There arose then the question of a ship, and Karlsefne said that he could not go home and leave them there with no means of escape. He said that he would go out in his own ship and look for the others, but Freydis would not have that. "Leave us here; we shall do well enough," she said. "As for the ship that has Thorhall the Huntsman in it, I would far sooner have none than his, with him in it."

"We have tools enough here, and timber enough," Karlsefne said. "We will build you a ship as soon as look at you." So it was settled they were to build a new ship before they left. That night Freydis's child was born. It was a girl, and she called it Walgerd. That had been the name of Thorstan's daughter, who had not lived. Gudrid wondered why she chose that name. She could never understand Freydis—nobody could; yet she had been right about her in one thing. Freydis loved the child more than life itself. She was so jealous of it that she was uneasy when any one came in to see her, and used to lean right over it and hide it out of sight. Her yellow hair fell over her face, her eyes showed fire.
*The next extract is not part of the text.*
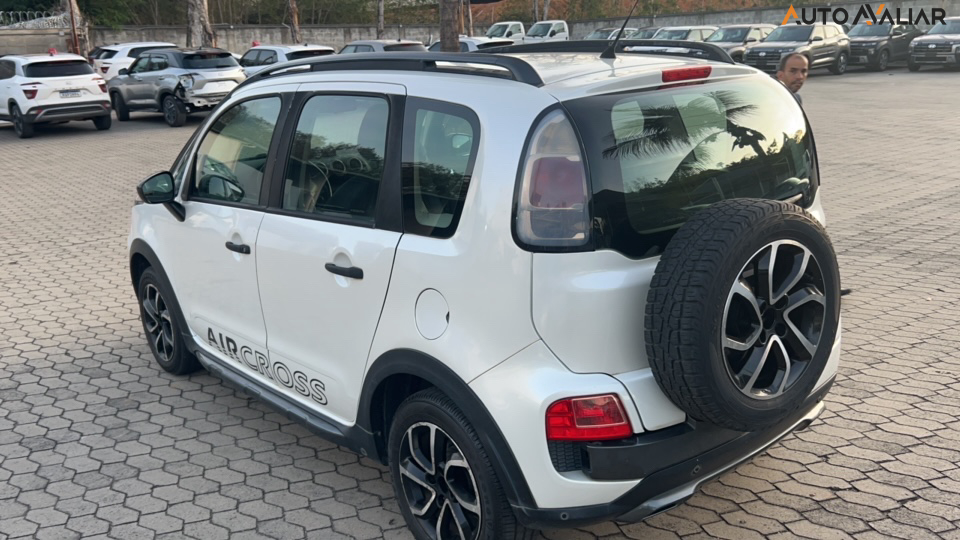 CITROEN AIRCROSS 1.6 TENDANCE 16V FLEX 4P MANUAL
She was like a wild beast guarding her young. As for Thorhall, her husband, she warned him out of the house, and he never dared put his head inside the door. She allowed Gudrid the entry, sulkily, it is true; but that was only her way of doing things. She was glad of her in her heart. "I am even with you now," she said, with her face to the wall.

"I am glad of it," Gudrid said. "I always wished you happy."
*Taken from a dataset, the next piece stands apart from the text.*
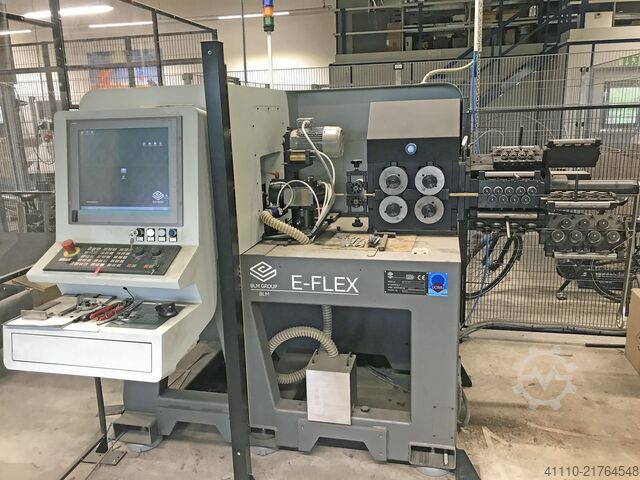 3D CNC-trådbukkemaskine BLM-GROUP E-FLEX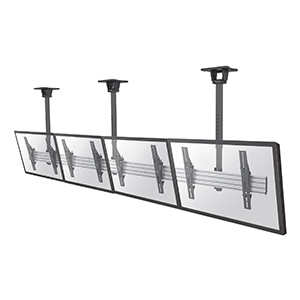 Menu board ceiling mounts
"I have never been so, since I became a woman," said Freydis, and
Gudrid did not know what she meant.

"I was happy enough," she went on, in a grumbling, even voice—as even it was as the constant running of water in a drain—"when I was a child, running and sporting with the boys. I loved all the things that they loved—I could swim as well as any, and ride, and fight with stones. But when they began to find me a girl, and to hold me and try to be alone with me, I had horror. They made me ashamed. And worse was to come—and I almost killed a young man for it—and after that I hated men, as I do still."
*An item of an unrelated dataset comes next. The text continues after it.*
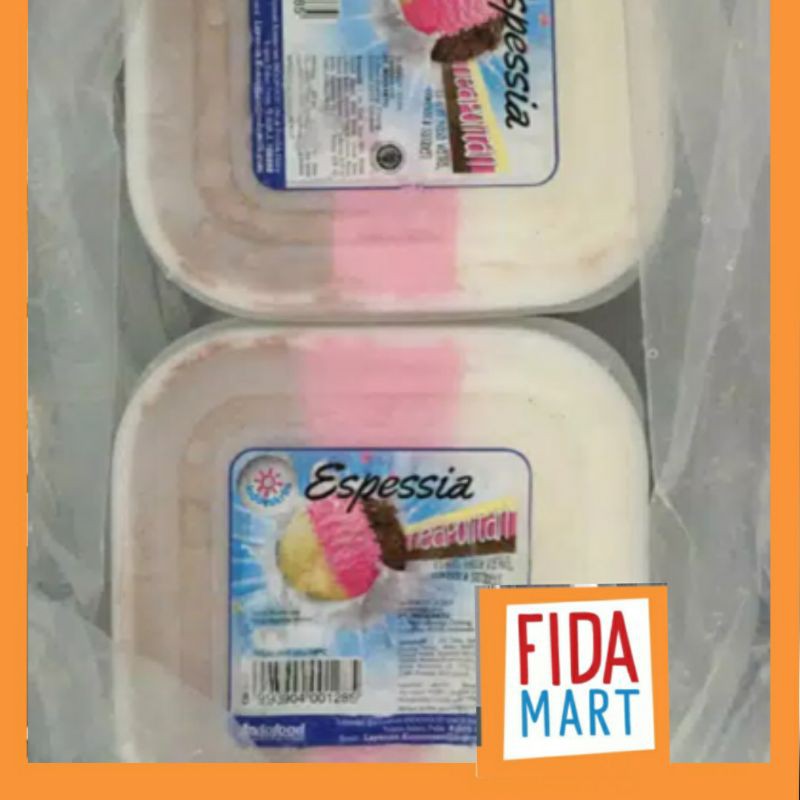 

Es Krim Ember Neapolitan 8ltr dari Indofood.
"They mean no harm," said Gudrid. "They do after their kind."

"But their kind is not mine. To be held in a man's arm is horrible to me."

"It is good to me, sometimes," said Gudrid.

"But when I saw you with Thorstan's child about to be born—and saw how rich and sedate you walked the ways, and how peace sat upon your forehead like a wreath, then I grudged you." Freydis turned round in the bed and showed her burning face. "And I said, 'This woman has a secret joy, and for all she is so quiet and still she is stronger than I.' And when the child died I was glad. I said, 'Now we are level again, but I will be better than you, for I will have a child which shall live and be strong like me.' But you have had yours first, and it is a boy. So you are better than me still." Then her eyes filled with hot tears, which made her eyelids blink.

"Oh, Freydis," Gudrid said, "you don't grudge me my boy?"

"No, no, it is not that. It is that I am ashamed. You are good, and I am very bad. I hate myself now."

Gudrid kissed her.

"Tell me, Freydis, now," she said, "why did you call your girl Walgerd?"

Freydis did not want to answer, but presently she said: "I should have called her Gudrid if that had been lucky. But we must not use the names of living persons for the new-born, so I called her Walgerd, because yours had been called so. I went as near to you as I could."

It seemed to hurt Freydis to talk about it, but Gudrid kissed her again, and went away feeling happy about her. "It is good to be loved, even by Freydis," she said to Karlsefne, whose answer was, "Who could help loving you?"